- **What you need to do**:
Exact duplicates of the lines from the top of the data through the line containing "Hey everyone, my" are needed, with every picture left out.

(Saved entries)
------

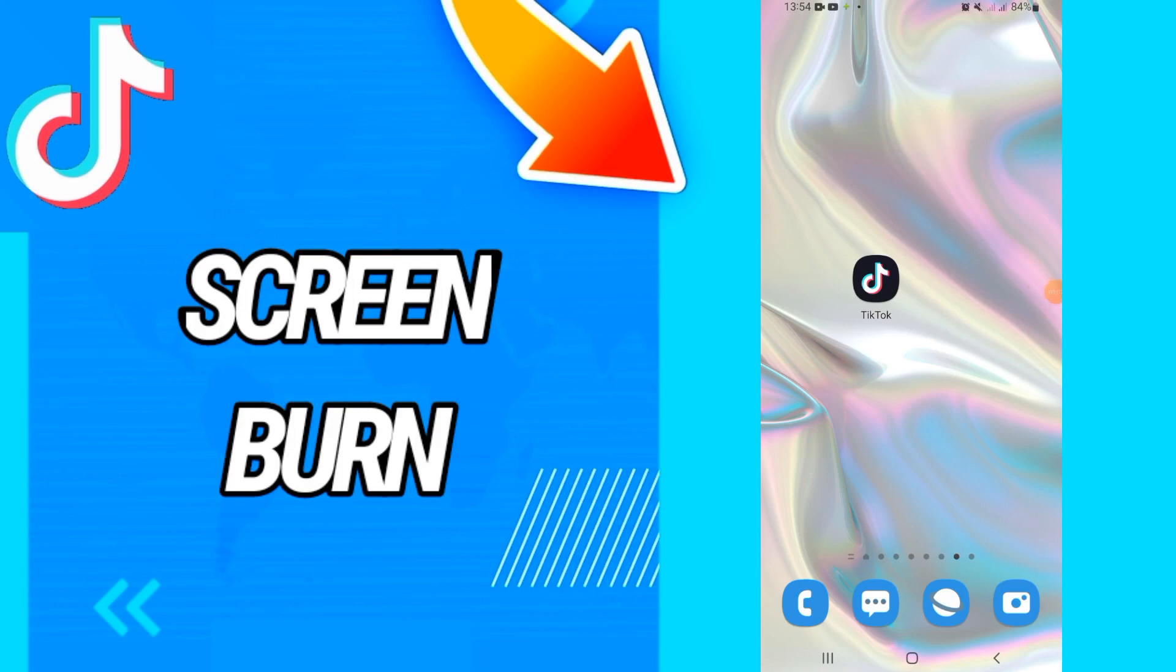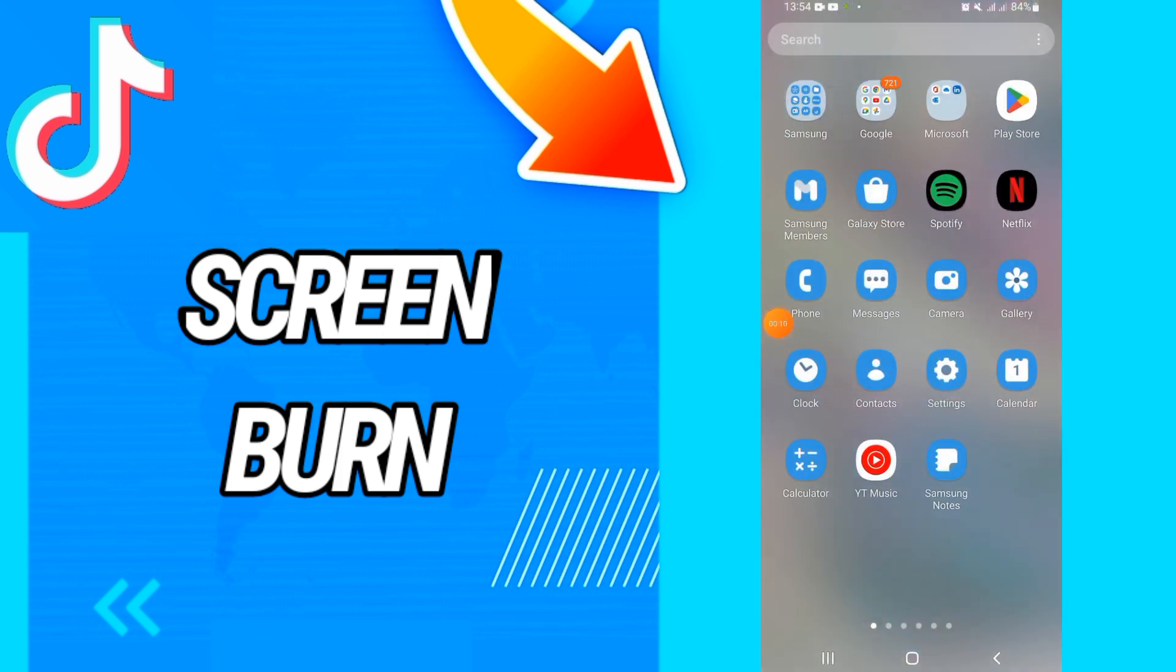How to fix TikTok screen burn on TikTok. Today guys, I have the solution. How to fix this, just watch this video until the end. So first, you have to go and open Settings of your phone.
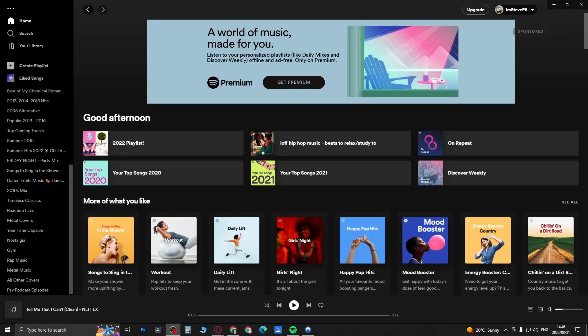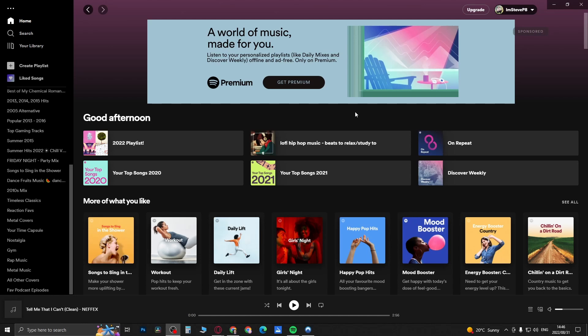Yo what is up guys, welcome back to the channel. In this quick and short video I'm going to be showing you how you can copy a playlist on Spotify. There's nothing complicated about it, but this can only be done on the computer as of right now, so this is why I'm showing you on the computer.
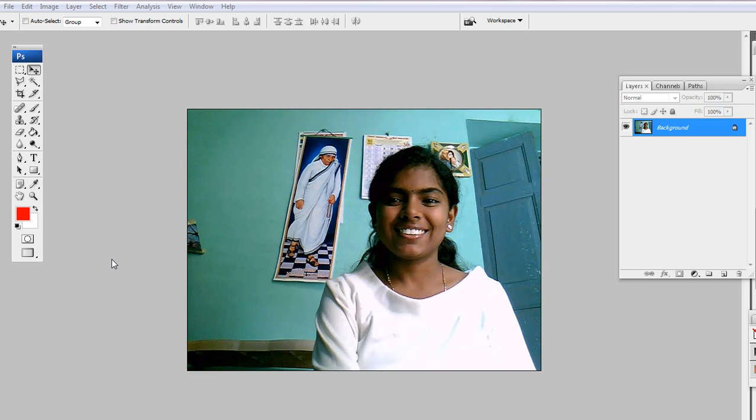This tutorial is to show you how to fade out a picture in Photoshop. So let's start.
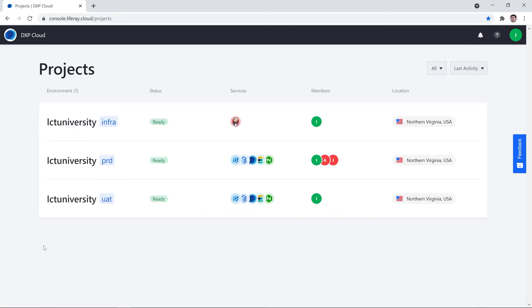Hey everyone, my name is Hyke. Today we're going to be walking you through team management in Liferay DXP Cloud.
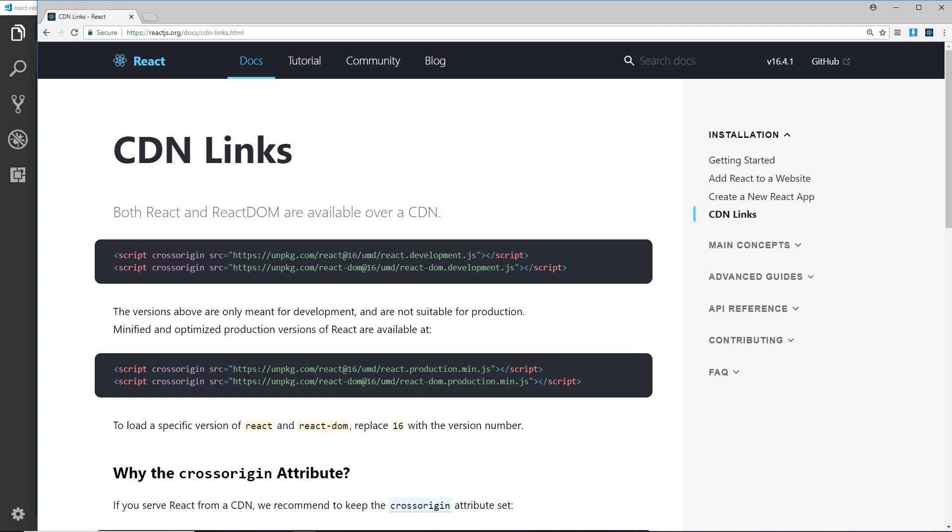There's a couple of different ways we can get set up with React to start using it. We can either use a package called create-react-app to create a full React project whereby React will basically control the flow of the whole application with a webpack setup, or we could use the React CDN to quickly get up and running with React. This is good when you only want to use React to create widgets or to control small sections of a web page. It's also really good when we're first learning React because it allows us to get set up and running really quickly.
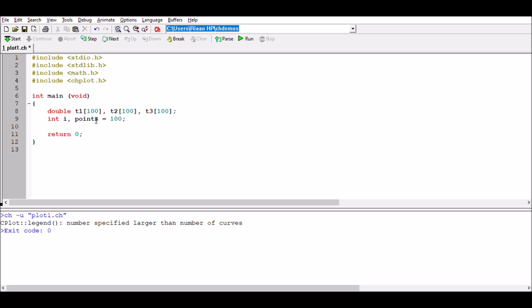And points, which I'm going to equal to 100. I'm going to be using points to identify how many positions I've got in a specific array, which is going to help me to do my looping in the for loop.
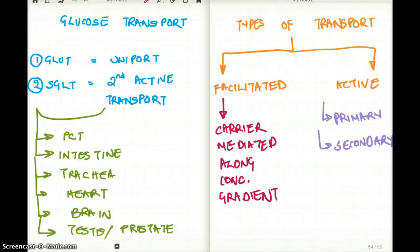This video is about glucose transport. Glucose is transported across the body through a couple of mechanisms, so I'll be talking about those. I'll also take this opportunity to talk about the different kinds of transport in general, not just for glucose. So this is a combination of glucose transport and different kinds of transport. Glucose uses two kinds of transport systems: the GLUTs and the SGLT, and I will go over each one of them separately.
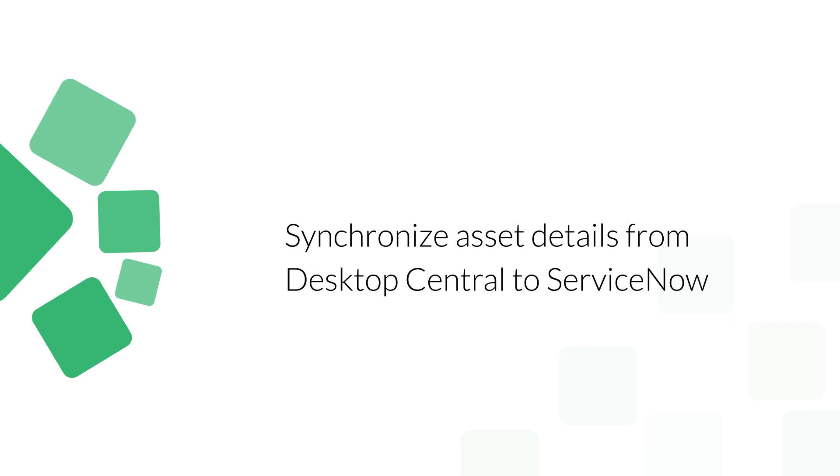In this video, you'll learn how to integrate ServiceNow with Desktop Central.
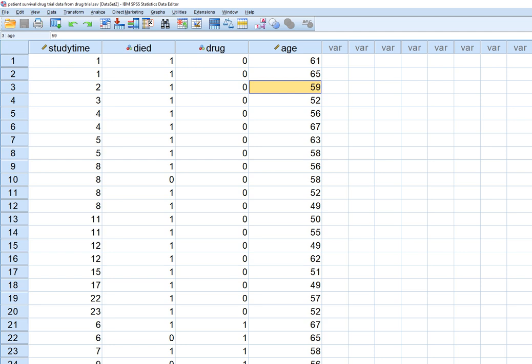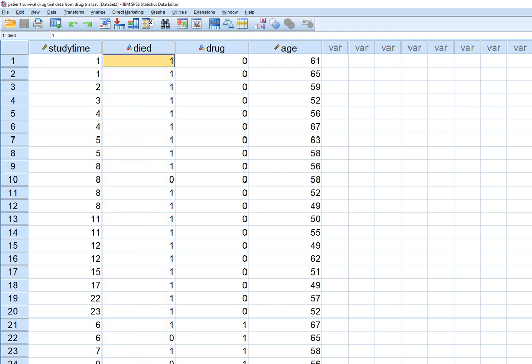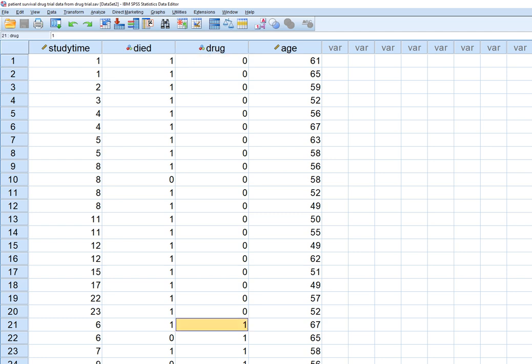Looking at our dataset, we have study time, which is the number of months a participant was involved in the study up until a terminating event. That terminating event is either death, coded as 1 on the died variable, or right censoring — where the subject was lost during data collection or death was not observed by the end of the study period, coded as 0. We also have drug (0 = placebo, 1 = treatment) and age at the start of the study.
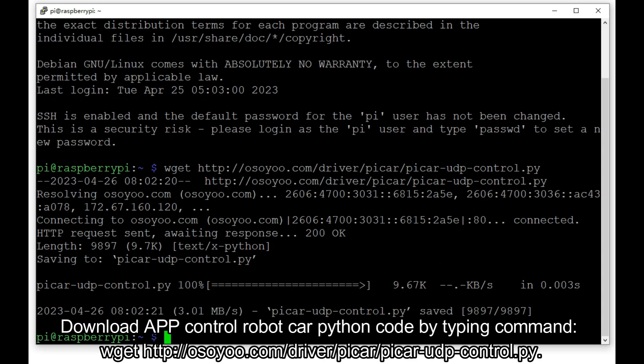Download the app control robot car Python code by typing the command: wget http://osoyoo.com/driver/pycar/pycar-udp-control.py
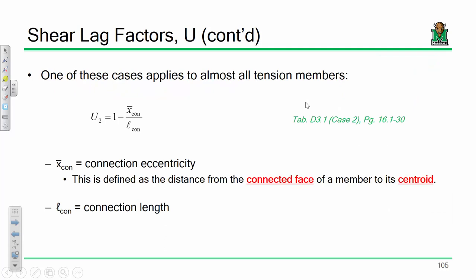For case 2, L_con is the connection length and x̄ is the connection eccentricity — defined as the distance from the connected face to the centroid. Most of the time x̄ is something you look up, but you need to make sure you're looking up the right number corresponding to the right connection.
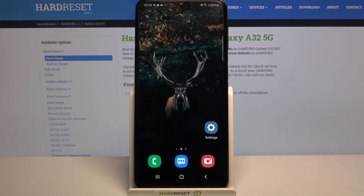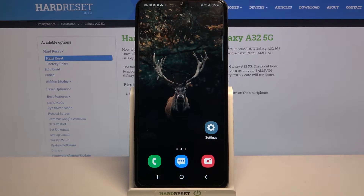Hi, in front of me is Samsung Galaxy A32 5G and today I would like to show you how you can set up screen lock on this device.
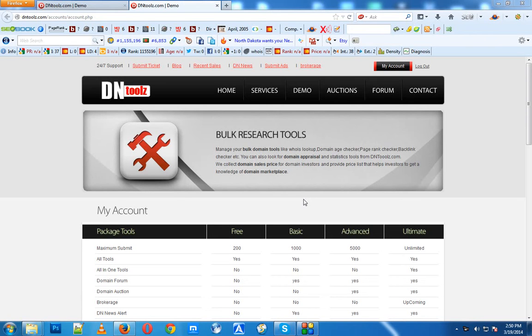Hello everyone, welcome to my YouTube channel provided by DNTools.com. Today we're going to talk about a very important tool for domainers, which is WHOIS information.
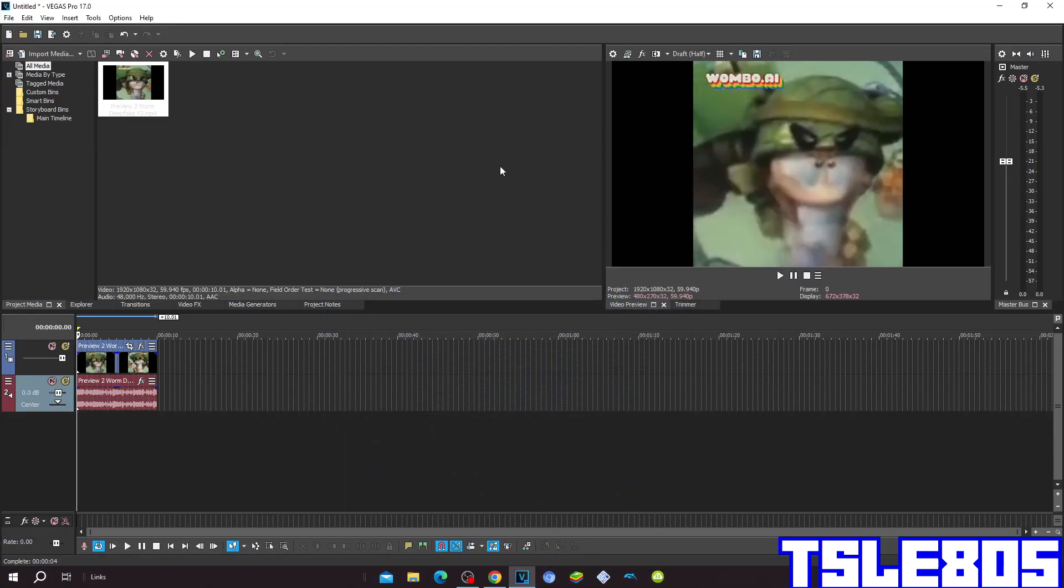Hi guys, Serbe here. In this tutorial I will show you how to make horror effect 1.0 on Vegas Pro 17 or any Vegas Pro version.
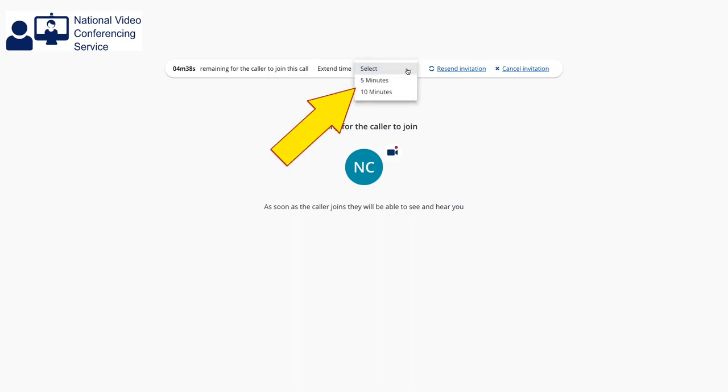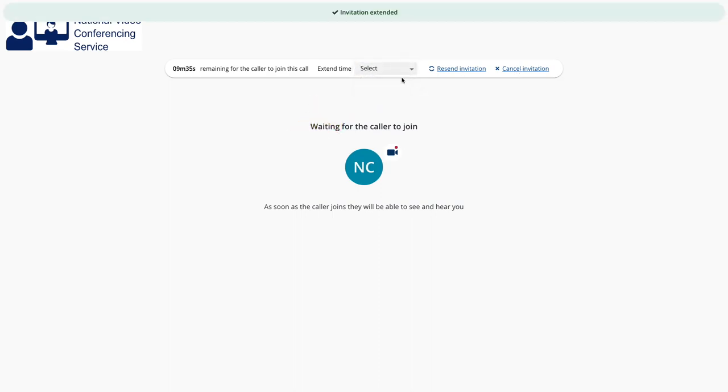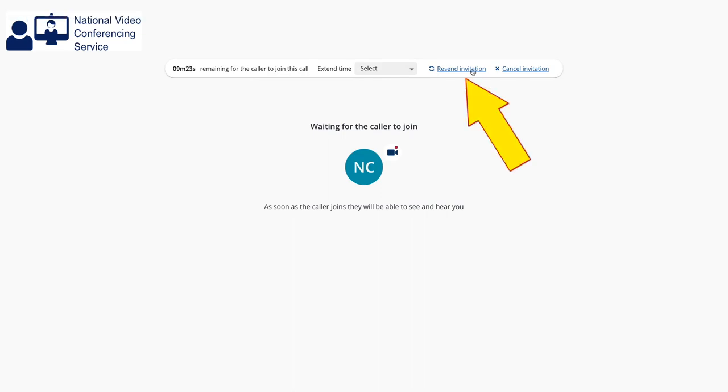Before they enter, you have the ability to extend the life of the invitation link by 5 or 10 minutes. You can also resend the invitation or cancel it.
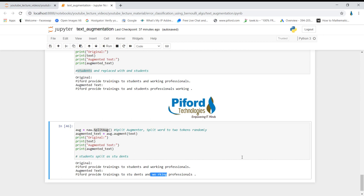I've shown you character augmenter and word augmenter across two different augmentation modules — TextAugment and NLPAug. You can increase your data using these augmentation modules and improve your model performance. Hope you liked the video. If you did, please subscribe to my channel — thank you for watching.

------

- **Response for this exercise**:
How to fix TikTok screen burn on TikTok. Today guys, I have the solution. How to fix this, just watch this video until the end. So first, you have to go and open Settings of your phone.
Yo what is up guys, welcome back to the channel. In this quick and short video I'm going to be showing you how you can copy a playlist on Spotify. There's nothing complicated about it, but this can only be done on the computer as of right now, so this is why I'm showing you on the computer.
This tutorial is to show you how to fade out a picture in Photoshop. So let's start.
Hey everyone, my name is Hyke. Today we're going to be walking you through team management in Liferay DXP Cloud.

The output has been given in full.